• **Required action**
Transcribe exactly, and without pictures, only the lines from the one bearing "مدفأة كهربائية LED" through the final line of the data below.

• **Dataset excerpt**

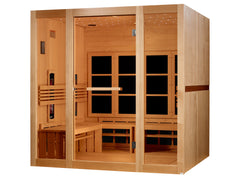 Golden Designs Monaco 6-person PureTech™ Near Zero EMF (Under 2MG) FAR Infrared Sauna (Canadian Hemlock) by Dynamic Saunas Direct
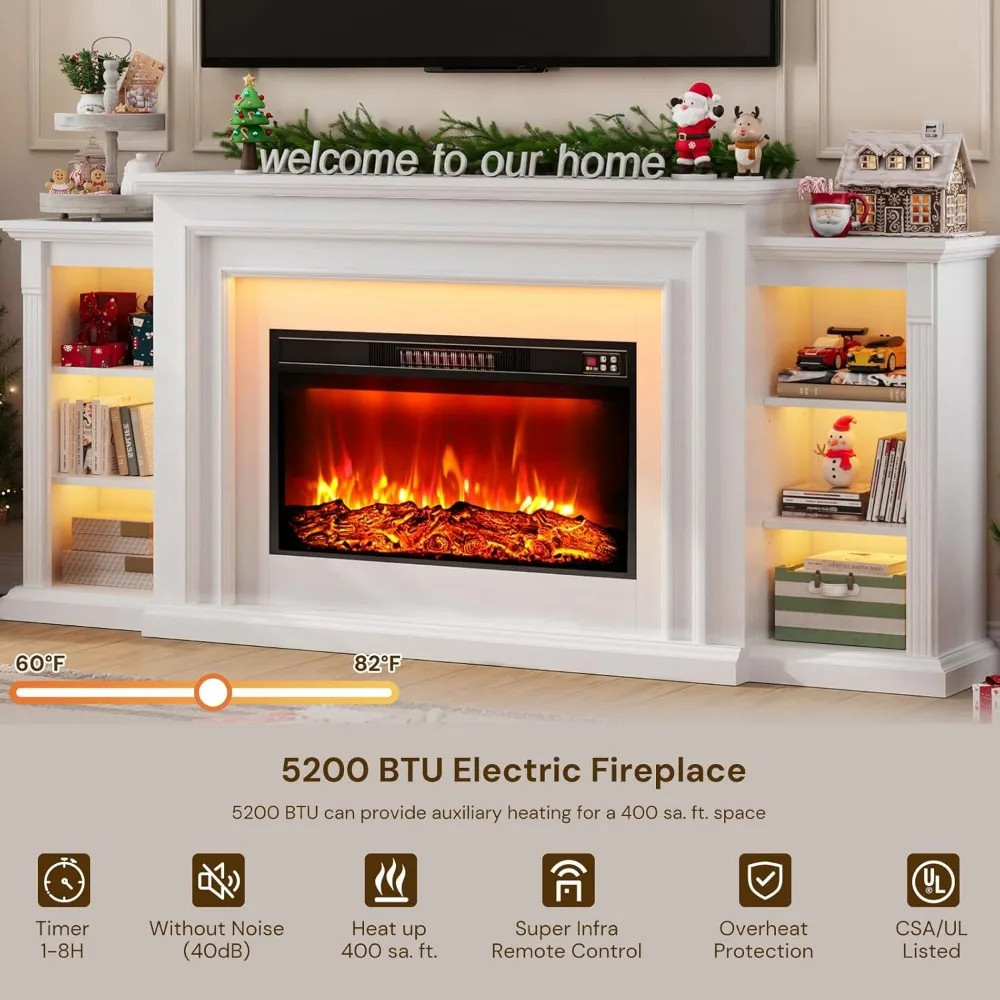 مدفأة كهربائية LED مقاس 80 بوصة مع رف، حامل تلفزيون مدفأة لتلفزيون 90 بوصة، مركز ترفيه حديث مع مساحة تخزين، دقيق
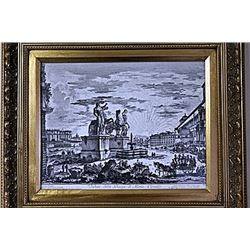 Framed Veduta Della Liazza Di Monte Cavallo Engraving (52E-EK)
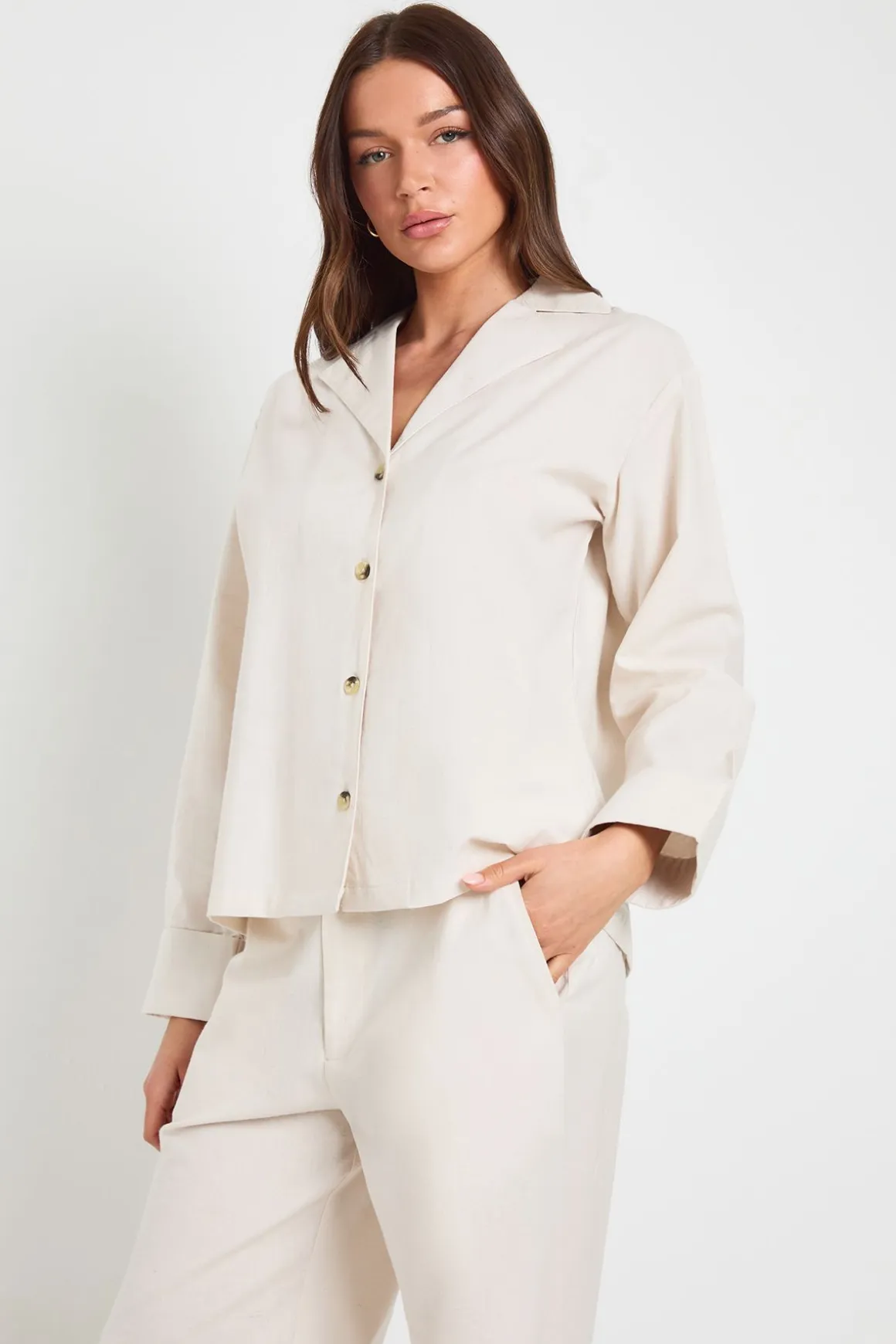 Chemise Décontractée À Manches Longues En Mélange De Lin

• **Response**
 مدفأة كهربائية LED مقاس 80 بوصة مع رف، حامل تلفزيون مدفأة لتلفزيون 90 بوصة، مركز ترفيه حديث مع مساحة تخزين، دقيق
 Framed Veduta Della Liazza Di Monte Cavallo Engraving (52E-EK)
 Chemise Décontractée À Manches Longues En Mélange De Lin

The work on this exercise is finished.